As to the software, yes, it was there and there is a limitited amount
of useful stuff. I have the full suite for the Visual 1050.
"Limited amount of useful stuff"... It is you, who is limited,
Allison!
Abusive and off topic as usual. Temper temper.
Show me other portable graphics programs running under CP/M and
another operating system. I have used, as I said, DR Graph and DR Draw
under CP/M 2.2, CP/M Plus, CP/M-86, and MS-DOS. If this is not enough
for you, then what have you been doing, those last 25 years, to remedy
this sorry situation?
You really don't want to go there. While stuff for CP/M2.2 did work
on higher systems with recompiliation at the source level and the
stuff at the application level is portable to the limits of the lowest
common denominator. All you have said is that something like a
script for Multiplan, DBase will run on later version regardless of
of the OS. However the basic script aquires no added abilities
as it was written for the lowest usually the 8bit version. Then
again I can still run CP/M-80 on my Macbook side by side with dos
3.11, handy but really does prove nothing about portability.
By and by if you reread, you will find I never said is wasn't enough
for me or anything close to that. I find it very adequate for my
purposes. However my comment is based on something more
substantial. To most here the WCcdrom has the single most
comprehensive list of all the applications and programs for CP/M
in one place.
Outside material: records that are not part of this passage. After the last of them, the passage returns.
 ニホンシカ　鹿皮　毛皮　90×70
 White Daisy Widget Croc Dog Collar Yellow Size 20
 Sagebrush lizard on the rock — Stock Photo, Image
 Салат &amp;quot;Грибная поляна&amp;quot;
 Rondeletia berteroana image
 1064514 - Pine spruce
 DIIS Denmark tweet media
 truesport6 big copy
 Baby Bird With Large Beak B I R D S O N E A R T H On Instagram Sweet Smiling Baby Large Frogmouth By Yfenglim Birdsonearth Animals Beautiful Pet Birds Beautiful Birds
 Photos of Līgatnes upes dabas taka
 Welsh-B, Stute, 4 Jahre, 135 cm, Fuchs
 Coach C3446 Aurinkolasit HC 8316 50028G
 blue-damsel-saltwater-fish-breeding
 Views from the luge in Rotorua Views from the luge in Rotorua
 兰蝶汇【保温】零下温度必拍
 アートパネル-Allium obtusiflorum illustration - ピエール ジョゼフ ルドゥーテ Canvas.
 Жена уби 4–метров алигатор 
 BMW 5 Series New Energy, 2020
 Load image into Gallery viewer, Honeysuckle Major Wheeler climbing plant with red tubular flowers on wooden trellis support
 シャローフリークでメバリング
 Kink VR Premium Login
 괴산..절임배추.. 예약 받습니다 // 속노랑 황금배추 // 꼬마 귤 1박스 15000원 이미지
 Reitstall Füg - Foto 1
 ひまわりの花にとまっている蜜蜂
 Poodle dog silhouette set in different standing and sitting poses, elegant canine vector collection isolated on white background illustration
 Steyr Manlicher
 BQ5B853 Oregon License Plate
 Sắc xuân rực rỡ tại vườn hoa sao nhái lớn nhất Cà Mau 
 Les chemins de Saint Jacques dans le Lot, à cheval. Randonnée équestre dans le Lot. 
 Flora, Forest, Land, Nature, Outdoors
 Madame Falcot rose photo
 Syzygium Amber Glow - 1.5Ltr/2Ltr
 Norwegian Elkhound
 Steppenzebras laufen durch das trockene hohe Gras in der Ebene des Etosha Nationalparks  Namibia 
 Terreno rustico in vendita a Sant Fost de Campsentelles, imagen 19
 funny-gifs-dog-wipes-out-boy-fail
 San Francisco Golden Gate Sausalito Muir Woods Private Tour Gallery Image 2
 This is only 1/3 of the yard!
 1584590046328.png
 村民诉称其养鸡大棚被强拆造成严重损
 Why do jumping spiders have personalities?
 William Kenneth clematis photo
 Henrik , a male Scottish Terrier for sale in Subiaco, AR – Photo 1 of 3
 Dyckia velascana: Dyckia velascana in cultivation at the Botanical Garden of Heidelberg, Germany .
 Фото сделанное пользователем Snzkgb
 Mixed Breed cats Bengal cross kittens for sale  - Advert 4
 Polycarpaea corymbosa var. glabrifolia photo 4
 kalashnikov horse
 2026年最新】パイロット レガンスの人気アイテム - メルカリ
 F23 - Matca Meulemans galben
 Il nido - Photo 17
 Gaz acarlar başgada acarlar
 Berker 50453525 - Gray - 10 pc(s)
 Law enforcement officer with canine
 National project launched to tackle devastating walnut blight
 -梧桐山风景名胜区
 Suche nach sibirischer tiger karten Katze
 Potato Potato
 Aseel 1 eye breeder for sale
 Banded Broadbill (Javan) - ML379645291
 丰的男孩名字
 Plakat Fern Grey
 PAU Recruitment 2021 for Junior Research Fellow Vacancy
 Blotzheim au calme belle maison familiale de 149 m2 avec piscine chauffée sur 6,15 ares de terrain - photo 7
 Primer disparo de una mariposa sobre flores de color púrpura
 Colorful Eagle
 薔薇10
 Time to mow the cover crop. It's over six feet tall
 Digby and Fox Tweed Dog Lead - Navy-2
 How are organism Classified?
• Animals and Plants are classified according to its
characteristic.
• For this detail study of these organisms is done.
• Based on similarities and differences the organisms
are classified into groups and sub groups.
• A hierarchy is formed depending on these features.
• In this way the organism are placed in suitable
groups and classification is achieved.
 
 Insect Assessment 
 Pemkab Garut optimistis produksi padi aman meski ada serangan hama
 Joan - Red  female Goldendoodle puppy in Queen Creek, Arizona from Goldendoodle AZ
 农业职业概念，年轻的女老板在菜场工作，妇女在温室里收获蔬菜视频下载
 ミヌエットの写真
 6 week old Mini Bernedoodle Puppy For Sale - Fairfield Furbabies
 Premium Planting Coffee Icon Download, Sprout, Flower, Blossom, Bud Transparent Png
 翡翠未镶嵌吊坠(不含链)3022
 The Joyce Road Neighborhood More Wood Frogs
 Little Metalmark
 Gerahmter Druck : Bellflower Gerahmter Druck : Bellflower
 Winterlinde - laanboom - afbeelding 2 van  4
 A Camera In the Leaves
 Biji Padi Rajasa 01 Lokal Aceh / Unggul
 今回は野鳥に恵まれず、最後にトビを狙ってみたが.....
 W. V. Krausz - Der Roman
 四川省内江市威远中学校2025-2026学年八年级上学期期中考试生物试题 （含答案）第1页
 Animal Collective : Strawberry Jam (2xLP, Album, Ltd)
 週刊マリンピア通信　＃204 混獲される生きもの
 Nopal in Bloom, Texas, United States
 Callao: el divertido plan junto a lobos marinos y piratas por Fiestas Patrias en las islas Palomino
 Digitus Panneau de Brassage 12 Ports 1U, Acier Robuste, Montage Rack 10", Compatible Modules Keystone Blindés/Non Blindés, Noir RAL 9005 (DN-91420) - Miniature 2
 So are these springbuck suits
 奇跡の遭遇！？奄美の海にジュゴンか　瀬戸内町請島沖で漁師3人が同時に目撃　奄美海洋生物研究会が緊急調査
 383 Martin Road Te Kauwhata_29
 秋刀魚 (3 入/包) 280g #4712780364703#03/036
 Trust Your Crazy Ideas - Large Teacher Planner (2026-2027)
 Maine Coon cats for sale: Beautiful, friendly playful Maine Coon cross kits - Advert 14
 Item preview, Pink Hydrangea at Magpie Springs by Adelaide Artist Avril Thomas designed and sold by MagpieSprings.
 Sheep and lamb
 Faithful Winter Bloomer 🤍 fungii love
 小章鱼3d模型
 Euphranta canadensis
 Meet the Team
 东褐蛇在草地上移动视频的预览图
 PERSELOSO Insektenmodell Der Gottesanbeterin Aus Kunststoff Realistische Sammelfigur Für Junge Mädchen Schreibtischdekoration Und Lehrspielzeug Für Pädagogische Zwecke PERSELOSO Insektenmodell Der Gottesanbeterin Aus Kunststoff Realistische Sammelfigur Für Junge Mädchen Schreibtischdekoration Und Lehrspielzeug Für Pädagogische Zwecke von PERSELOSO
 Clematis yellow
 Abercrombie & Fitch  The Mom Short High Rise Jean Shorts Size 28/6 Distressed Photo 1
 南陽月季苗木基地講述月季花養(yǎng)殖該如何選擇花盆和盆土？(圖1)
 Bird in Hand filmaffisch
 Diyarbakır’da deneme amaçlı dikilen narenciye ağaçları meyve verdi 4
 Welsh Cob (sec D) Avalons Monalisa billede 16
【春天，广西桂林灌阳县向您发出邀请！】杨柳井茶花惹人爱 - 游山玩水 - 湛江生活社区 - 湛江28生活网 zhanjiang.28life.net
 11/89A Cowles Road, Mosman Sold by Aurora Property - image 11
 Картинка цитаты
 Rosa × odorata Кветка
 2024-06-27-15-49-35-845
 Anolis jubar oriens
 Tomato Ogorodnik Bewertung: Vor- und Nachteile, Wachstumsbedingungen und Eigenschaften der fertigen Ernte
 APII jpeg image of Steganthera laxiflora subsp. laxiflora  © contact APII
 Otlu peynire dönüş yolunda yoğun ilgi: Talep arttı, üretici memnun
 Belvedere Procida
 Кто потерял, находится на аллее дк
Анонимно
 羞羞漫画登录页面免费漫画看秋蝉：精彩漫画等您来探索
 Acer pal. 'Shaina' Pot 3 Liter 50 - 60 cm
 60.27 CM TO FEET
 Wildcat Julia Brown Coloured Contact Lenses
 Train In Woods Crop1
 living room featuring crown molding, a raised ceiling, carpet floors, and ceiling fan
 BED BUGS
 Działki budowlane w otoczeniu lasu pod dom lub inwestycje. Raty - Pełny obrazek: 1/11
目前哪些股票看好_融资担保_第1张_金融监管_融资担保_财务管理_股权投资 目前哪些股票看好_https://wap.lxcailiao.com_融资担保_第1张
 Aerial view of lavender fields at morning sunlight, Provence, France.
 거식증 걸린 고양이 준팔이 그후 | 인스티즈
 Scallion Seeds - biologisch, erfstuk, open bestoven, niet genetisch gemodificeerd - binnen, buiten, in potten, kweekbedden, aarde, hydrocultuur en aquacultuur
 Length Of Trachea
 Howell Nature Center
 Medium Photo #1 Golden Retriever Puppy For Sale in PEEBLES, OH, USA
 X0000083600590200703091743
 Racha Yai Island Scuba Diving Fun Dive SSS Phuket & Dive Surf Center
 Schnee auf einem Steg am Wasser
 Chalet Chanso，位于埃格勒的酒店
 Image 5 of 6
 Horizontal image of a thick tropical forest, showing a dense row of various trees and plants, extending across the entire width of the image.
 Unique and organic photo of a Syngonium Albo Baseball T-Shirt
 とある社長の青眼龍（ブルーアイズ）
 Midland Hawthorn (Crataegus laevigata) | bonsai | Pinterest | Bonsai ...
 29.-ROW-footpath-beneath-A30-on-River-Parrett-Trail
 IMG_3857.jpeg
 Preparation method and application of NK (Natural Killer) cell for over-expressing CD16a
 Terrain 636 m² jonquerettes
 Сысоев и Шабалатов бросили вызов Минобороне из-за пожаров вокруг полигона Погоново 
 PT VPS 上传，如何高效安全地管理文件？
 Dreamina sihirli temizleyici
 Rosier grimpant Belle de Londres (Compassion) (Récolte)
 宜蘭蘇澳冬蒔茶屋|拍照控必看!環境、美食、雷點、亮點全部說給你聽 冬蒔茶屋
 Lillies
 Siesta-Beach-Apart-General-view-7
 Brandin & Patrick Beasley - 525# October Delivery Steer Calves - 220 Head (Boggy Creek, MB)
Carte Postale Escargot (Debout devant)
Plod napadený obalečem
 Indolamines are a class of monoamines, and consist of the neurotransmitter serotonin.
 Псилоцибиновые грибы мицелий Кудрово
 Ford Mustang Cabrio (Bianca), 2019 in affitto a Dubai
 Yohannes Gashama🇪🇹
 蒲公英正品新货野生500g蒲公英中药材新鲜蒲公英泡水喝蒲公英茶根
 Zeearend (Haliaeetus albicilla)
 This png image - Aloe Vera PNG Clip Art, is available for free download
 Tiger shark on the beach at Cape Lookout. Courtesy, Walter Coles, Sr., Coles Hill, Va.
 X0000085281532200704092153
Of that supposed 19,000 programs how many
are graphic? I'd posit that if there are 200 I've double counted.
Useful, yes, groundbreaking possibly but, not a lot of programs.
No DRI didn't. DRI never sold a graphics card or a complete system.
They implmented the OS, the graphics layers and a lot of applications
and a sample bios that was machine specific. So the task that has to
be done yet again is to finsish the task that DRI started. The is the
code often known as CBIOS or simplified to BIOS.
I have difficulties understanding your "sold a graphics card or a
complete system". DRI was producing CP/M, an operating system, and
various utilities (MAC, SID, TEX, SPOOL, sold separately). Why should
they have had to sell computers or complete systems? What is a
complete system, especially with the S-100 Bus, which is modular?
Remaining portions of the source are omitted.